Re: June 8, 2021 | When half the world's internet went down Quote:
Originally Posted by Jeroen
From what I read it was triggered by a single configuration chance. Whether that was change was carried out incorrectly or something else remains to be seen. Fact remains that one action took down their whole service.
That sounds suspiciously like a major design issue.
Jeroen | Quote:
Originally Posted by padmrajravi A single configuration change from one customer affecting all the other customers is the worrying factor. And the configuration change was was a valid one too, just that it triggered an unexpected behaviour. That just means , there is not enough isolation enough to prevent a catastrophe. |
As per their initial RCA, they introduced a change on May 12 which left a code path open that could cause varnish (the open source cache server Fastly is based on) to crash under very specific vcl flows.

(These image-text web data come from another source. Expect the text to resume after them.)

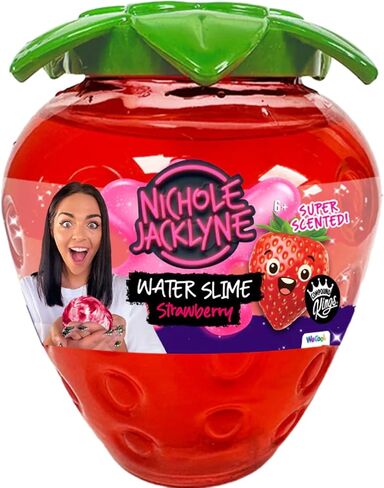 Nichole Jacklyne Strawberry Scented Water Slime Kids Toy, Non-Sticky Sensory Gift for Boys and Girls, Stress Relief Slime Party Favor, Birthday Gift, Classroom Fidget Prize 15oz… in Saudi Arabia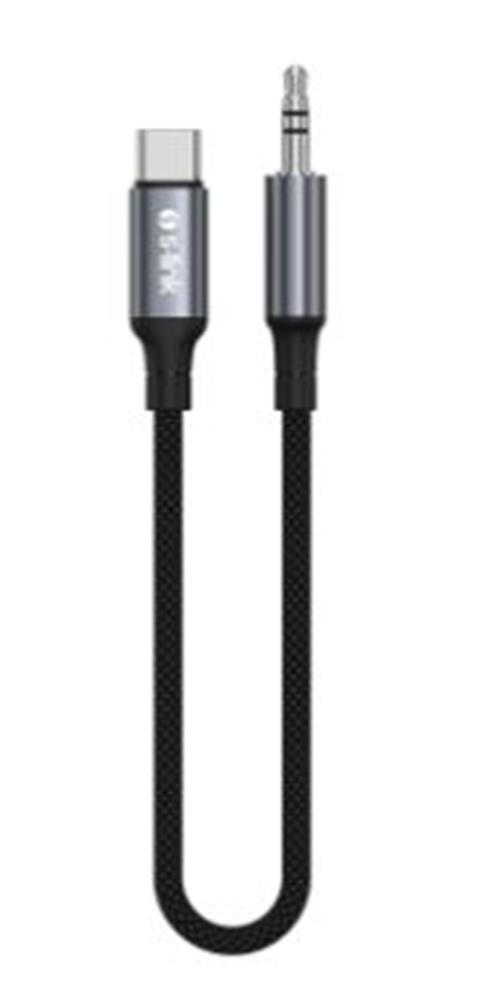 S-link Armor MC-01 1.2m Type-C to M AUX Örgülü Metal Başlıklı Siyah Ses Kablosu - görsel 2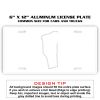 6 X 12 Full Size Aluminum License Plate for Cars and Trucks  Thumbnail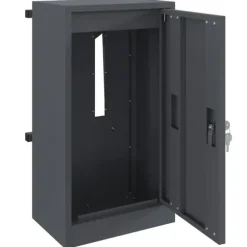 Moderne stål postkasse - Sikker og vandafvisende | Farve: Antracit | Størrelse: 30x23x55 cm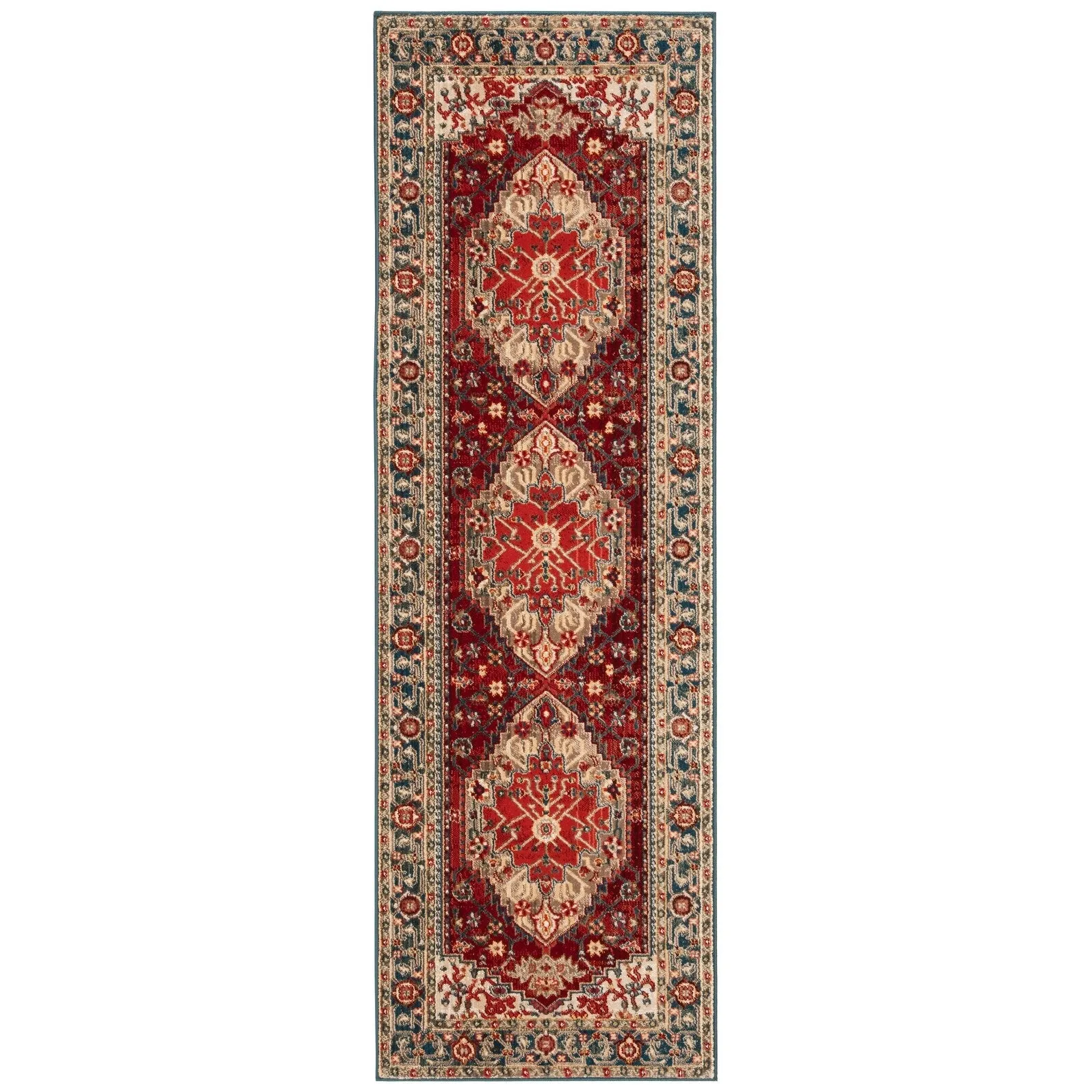 SAFAVIEH Kashan Mickie Oriental Rug with Fringe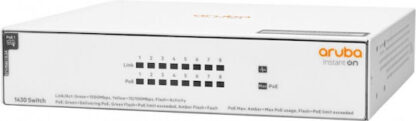 Aruba Instant On 1430 Unmanaged L2 PoE+ Switch και 8 SFP Θύρες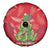 Kakapo New Zealand Christmas Spare Tire Cover Meri Kirihimete Pohutukawa - Red Color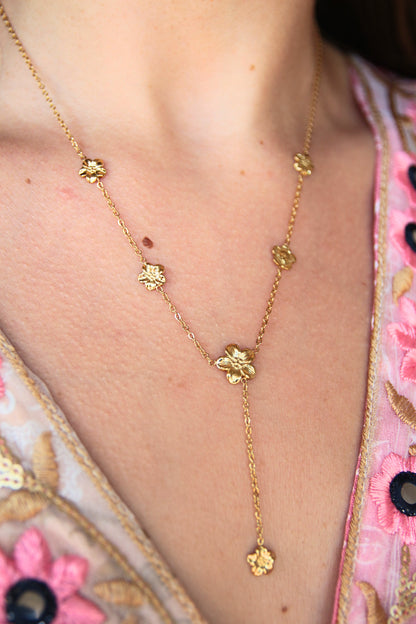 Collier Y fleurs - MONOI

It wasn't triggered by any customer until 8 June. A change by one particular customer on that fateful day caused the varnish nodes to crash all over. They weren't able to recover from this failure.
So yeah, isolation is a big problem and a major design flaw. They have highlighted it in the blog post I linked above, quoting the relevant section here - Quote:
Broadly, this means fully leveraging the isolation capabilities of WebAssembly and Compute@Edge to build greater resiliency from the ground up.
|
Fastly's customers will also think about having a DR solution. A lot of the customers who use Fastly do so because of the ability to easily run some logic on the edge nodes, like implementing a paywall etc. So using a competing CDN will not really be straight forward.
Or people could go solo like Tesla - have their own in house implementation of open source Varnish for eventualities like these.
It sure will be an interesting few months ahead.
Last edited by Dry Ice : 10th June 2021 at 12:18.
Reason: Date
|